======== ENTRIES PROVIDED ========

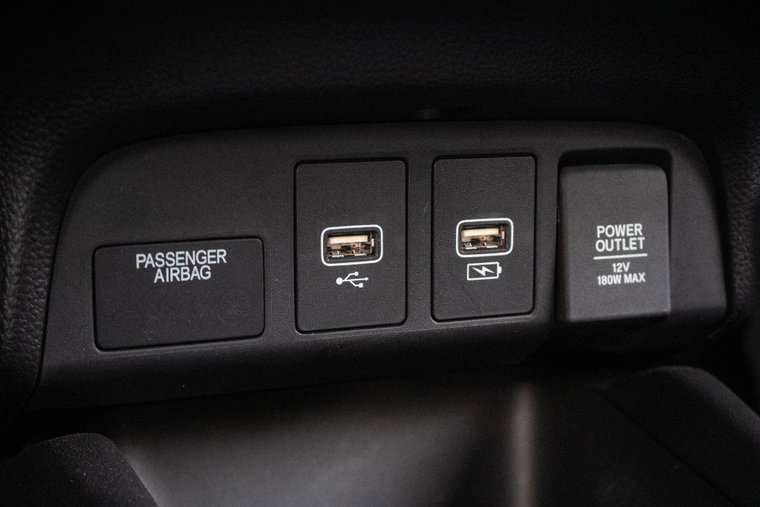 Vehicle Image 23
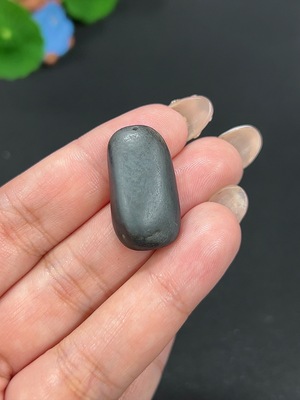 H40747837 和田玉 皮色成因未定 货品总重约6.1g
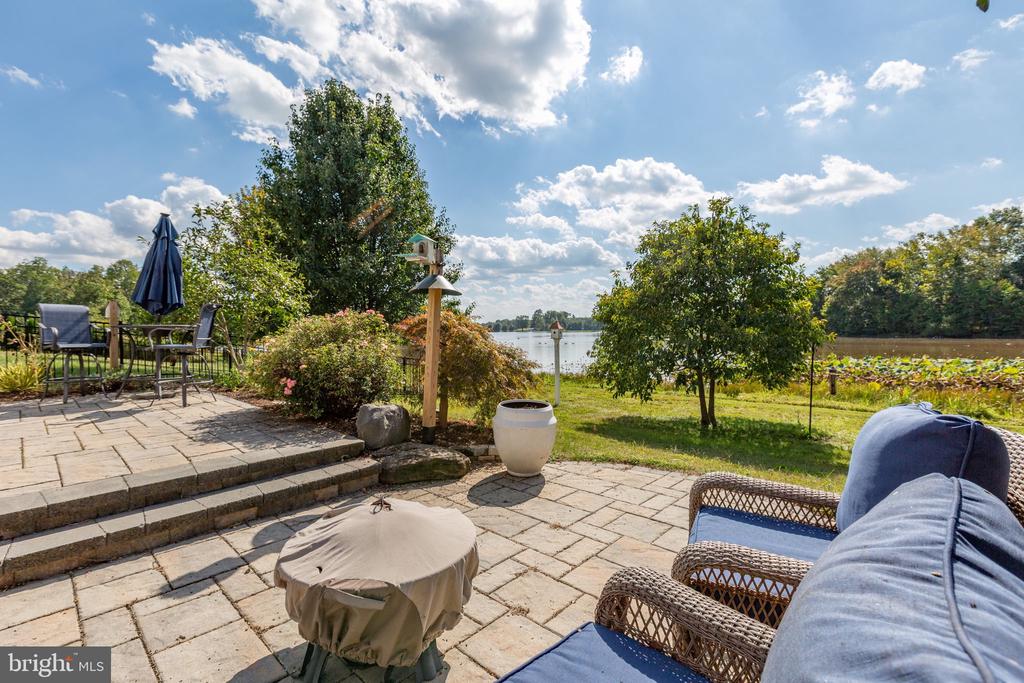 7116 LAKE DRIVE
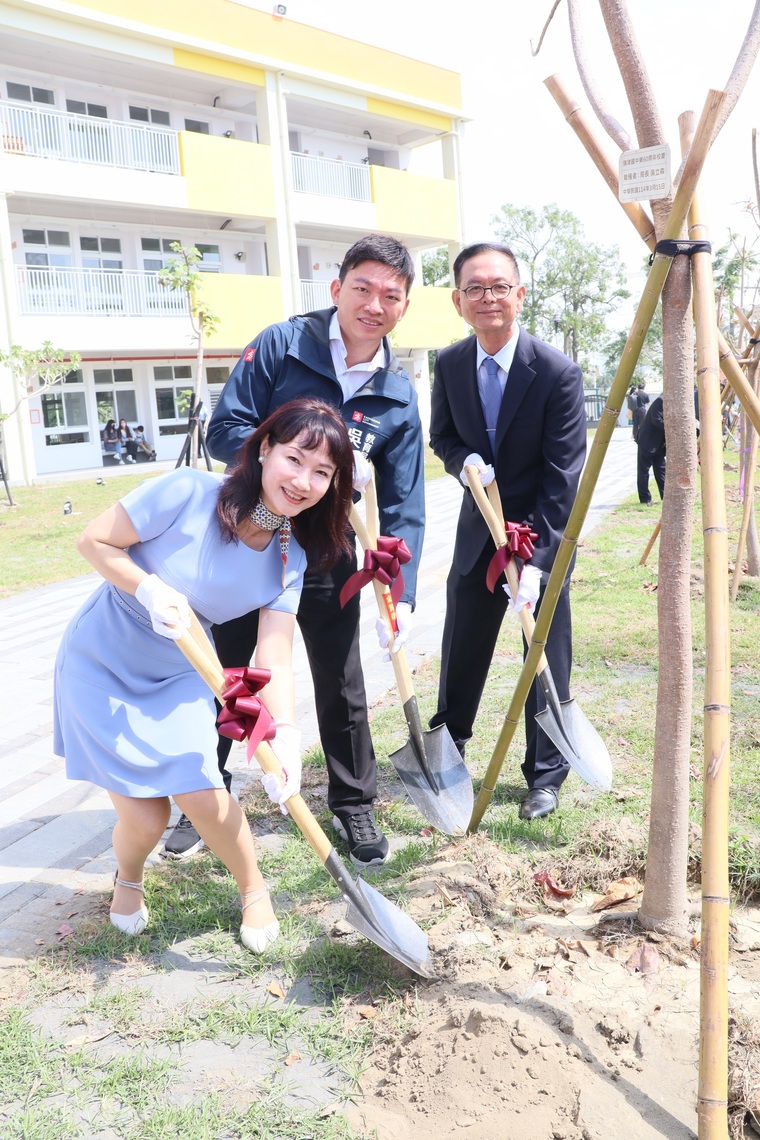 吳立森局長,客委會主委楊瑞霞與黃火炎校長等參與植樹。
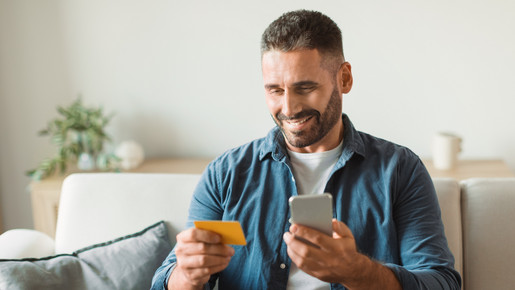 Käufer verwendet Telefon zum Einkaufen und hält Kreditkarte customer, caucasian, modern, money, message, male, background, technology, 40s, casual, buyer, businessman, buy, guy, application, digital, phone, offer, online, mobile, business, indoors, telephone, smartphone, gadget, bank, browsing, cellphone, communication, credit card, white, concept, home, store, people, adult, ecommerce, man, middle aged, retail, website, shopping, smile, internet, sale, european, finance, lifestyle, payment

========

### TASK INSTRUCTIONS:
From the material above, write out exactly the lines from the line with "7116 LAKE DRIVE" through the closing line, inclusive, and no pictures.

### TASK ANSWER:
 7116 LAKE DRIVE
 吳立森局長,客委會主委楊瑞霞與黃火炎校長等參與植樹。
 Käufer verwendet Telefon zum Einkaufen und hält Kreditkarte customer, caucasian, modern, money, message, male, background, technology, 40s, casual, buyer, businessman, buy, guy, application, digital, phone, offer, online, mobile, business, indoors, telephone, smartphone, gadget, bank, browsing, cellphone, communication, credit card, white, concept, home, store, people, adult, ecommerce, man, middle aged, retail, website, shopping, smile, internet, sale, european, finance, lifestyle, payment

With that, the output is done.